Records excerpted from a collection
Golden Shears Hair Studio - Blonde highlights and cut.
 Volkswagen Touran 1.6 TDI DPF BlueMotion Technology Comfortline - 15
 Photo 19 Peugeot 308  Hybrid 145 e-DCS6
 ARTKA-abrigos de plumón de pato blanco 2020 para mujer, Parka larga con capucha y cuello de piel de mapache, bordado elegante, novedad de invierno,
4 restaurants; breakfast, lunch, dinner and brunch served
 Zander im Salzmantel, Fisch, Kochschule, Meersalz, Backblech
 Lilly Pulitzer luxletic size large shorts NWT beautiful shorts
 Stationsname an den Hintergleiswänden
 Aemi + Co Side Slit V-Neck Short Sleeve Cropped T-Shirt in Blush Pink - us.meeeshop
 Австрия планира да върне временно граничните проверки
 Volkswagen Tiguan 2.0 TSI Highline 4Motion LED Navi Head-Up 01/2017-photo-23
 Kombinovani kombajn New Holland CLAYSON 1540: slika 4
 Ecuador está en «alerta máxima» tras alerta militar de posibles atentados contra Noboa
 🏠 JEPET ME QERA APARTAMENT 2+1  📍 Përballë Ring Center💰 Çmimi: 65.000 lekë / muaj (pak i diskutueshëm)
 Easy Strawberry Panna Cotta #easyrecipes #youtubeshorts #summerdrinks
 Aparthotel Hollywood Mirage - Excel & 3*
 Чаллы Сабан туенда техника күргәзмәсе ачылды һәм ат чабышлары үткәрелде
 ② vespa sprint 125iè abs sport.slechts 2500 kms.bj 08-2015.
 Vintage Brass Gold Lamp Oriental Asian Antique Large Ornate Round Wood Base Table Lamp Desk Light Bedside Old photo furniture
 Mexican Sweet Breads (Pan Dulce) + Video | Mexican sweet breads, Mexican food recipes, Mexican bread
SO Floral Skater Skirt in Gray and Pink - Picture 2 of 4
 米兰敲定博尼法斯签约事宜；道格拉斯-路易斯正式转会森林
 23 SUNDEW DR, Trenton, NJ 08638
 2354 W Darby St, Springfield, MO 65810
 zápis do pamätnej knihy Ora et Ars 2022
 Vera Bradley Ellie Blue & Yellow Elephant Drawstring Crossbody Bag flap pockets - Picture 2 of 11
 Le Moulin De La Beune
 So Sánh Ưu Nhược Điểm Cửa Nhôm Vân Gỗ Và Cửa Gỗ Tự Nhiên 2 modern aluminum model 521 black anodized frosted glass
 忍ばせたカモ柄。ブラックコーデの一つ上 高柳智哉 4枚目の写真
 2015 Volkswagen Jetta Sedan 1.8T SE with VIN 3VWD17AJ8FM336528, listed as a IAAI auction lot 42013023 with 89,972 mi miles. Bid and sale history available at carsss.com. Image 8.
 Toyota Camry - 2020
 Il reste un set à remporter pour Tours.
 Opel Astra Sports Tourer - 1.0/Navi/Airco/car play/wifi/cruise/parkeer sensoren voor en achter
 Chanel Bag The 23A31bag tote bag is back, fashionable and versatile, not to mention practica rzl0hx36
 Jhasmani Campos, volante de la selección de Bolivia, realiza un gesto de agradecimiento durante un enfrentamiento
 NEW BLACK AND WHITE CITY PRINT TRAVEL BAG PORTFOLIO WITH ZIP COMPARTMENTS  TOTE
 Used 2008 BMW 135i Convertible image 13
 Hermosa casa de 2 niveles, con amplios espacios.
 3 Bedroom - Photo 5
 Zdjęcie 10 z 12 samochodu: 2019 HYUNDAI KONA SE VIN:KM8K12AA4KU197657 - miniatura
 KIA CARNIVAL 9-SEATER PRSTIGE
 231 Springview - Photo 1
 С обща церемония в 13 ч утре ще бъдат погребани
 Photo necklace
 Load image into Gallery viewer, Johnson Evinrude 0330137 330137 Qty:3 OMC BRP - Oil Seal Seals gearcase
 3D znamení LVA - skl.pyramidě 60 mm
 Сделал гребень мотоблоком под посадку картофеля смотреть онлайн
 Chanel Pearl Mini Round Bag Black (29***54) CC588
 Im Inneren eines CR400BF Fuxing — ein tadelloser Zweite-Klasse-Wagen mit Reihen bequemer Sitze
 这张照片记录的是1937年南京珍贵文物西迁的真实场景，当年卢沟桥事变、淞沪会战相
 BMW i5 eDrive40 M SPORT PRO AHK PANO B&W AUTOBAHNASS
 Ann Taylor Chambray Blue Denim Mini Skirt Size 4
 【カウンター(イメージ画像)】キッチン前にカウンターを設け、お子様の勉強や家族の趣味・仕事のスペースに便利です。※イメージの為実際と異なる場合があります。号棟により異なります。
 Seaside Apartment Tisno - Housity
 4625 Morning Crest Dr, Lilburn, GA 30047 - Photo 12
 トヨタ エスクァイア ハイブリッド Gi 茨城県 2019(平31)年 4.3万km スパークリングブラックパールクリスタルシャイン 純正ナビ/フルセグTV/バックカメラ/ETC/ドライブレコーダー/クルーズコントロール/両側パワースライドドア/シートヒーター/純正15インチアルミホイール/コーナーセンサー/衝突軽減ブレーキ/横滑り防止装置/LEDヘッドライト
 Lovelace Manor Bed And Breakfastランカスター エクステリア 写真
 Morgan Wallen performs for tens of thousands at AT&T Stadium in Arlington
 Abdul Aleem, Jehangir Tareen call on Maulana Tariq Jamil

▶ EXERCISE AIM
Each entry is to be returned in full, character for character.

▶ ANSWER SECTION
Golden Shears Hair Studio - Blonde highlights and cut.
 Volkswagen Touran 1.6 TDI DPF BlueMotion Technology Comfortline - 15
 Photo 19 Peugeot 308  Hybrid 145 e-DCS6
 ARTKA-abrigos de plumón de pato blanco 2020 para mujer, Parka larga con capucha y cuello de piel de mapache, bordado elegante, novedad de invierno,
4 restaurants; breakfast, lunch, dinner and brunch served
 Zander im Salzmantel, Fisch, Kochschule, Meersalz, Backblech
 Lilly Pulitzer luxletic size large shorts NWT beautiful shorts
 Stationsname an den Hintergleiswänden
 Aemi + Co Side Slit V-Neck Short Sleeve Cropped T-Shirt in Blush Pink - us.meeeshop
 Австрия планира да върне временно граничните проверки
 Volkswagen Tiguan 2.0 TSI Highline 4Motion LED Navi Head-Up 01/2017-photo-23
 Kombinovani kombajn New Holland CLAYSON 1540: slika 4
 Ecuador está en «alerta máxima» tras alerta militar de posibles atentados contra Noboa
 🏠 JEPET ME QERA APARTAMENT 2+1  📍 Përballë Ring Center💰 Çmimi: 65.000 lekë / muaj (pak i diskutueshëm)
 Easy Strawberry Panna Cotta #easyrecipes #youtubeshorts #summerdrinks
 Aparthotel Hollywood Mirage - Excel & 3*
 Чаллы Сабан туенда техника күргәзмәсе ачылды һәм ат чабышлары үткәрелде
 ② vespa sprint 125iè abs sport.slechts 2500 kms.bj 08-2015.
 Vintage Brass Gold Lamp Oriental Asian Antique Large Ornate Round Wood Base Table Lamp Desk Light Bedside Old photo furniture
 Mexican Sweet Breads (Pan Dulce) + Video | Mexican sweet breads, Mexican food recipes, Mexican bread
SO Floral Skater Skirt in Gray and Pink - Picture 2 of 4
 米兰敲定博尼法斯签约事宜；道格拉斯-路易斯正式转会森林
 23 SUNDEW DR, Trenton, NJ 08638
 2354 W Darby St, Springfield, MO 65810
 zápis do pamätnej knihy Ora et Ars 2022
 Vera Bradley Ellie Blue & Yellow Elephant Drawstring Crossbody Bag flap pockets - Picture 2 of 11
 Le Moulin De La Beune
 So Sánh Ưu Nhược Điểm Cửa Nhôm Vân Gỗ Và Cửa Gỗ Tự Nhiên 2 modern aluminum model 521 black anodized frosted glass
 忍ばせたカモ柄。ブラックコーデの一つ上 高柳智哉 4枚目の写真
 2015 Volkswagen Jetta Sedan 1.8T SE with VIN 3VWD17AJ8FM336528, listed as a IAAI auction lot 42013023 with 89,972 mi miles. Bid and sale history available at carsss.com. Image 8.
 Toyota Camry - 2020
 Il reste un set à remporter pour Tours.
 Opel Astra Sports Tourer - 1.0/Navi/Airco/car play/wifi/cruise/parkeer sensoren voor en achter
 Chanel Bag The 23A31bag tote bag is back, fashionable and versatile, not to mention practica rzl0hx36
 Jhasmani Campos, volante de la selección de Bolivia, realiza un gesto de agradecimiento durante un enfrentamiento
 NEW BLACK AND WHITE CITY PRINT TRAVEL BAG PORTFOLIO WITH ZIP COMPARTMENTS  TOTE
 Used 2008 BMW 135i Convertible image 13
 Hermosa casa de 2 niveles, con amplios espacios.
 3 Bedroom - Photo 5
 Zdjęcie 10 z 12 samochodu: 2019 HYUNDAI KONA SE VIN:KM8K12AA4KU197657 - miniatura
 KIA CARNIVAL 9-SEATER PRSTIGE
 231 Springview - Photo 1
 С обща церемония в 13 ч утре ще бъдат погребани
 Photo necklace
 Load image into Gallery viewer, Johnson Evinrude 0330137 330137 Qty:3 OMC BRP - Oil Seal Seals gearcase
 3D znamení LVA - skl.pyramidě 60 mm
 Сделал гребень мотоблоком под посадку картофеля смотреть онлайн
 Chanel Pearl Mini Round Bag Black (29***54) CC588
 Im Inneren eines CR400BF Fuxing — ein tadelloser Zweite-Klasse-Wagen mit Reihen bequemer Sitze
 这张照片记录的是1937年南京珍贵文物西迁的真实场景，当年卢沟桥事变、淞沪会战相
 BMW i5 eDrive40 M SPORT PRO AHK PANO B&W AUTOBAHNASS
 Ann Taylor Chambray Blue Denim Mini Skirt Size 4
 【カウンター(イメージ画像)】キッチン前にカウンターを設け、お子様の勉強や家族の趣味・仕事のスペースに便利です。※イメージの為実際と異なる場合があります。号棟により異なります。
 Seaside Apartment Tisno - Housity
 4625 Morning Crest Dr, Lilburn, GA 30047 - Photo 12
 トヨタ エスクァイア ハイブリッド Gi 茨城県 2019(平31)年 4.3万km スパークリングブラックパールクリスタルシャイン 純正ナビ/フルセグTV/バックカメラ/ETC/ドライブレコーダー/クルーズコントロール/両側パワースライドドア/シートヒーター/純正15インチアルミホイール/コーナーセンサー/衝突軽減ブレーキ/横滑り防止装置/LEDヘッドライト
 Lovelace Manor Bed And Breakfastランカスター エクステリア 写真
 Morgan Wallen performs for tens of thousands at AT&T Stadium in Arlington
 Abdul Aleem, Jehangir Tareen call on Maulana Tariq Jamil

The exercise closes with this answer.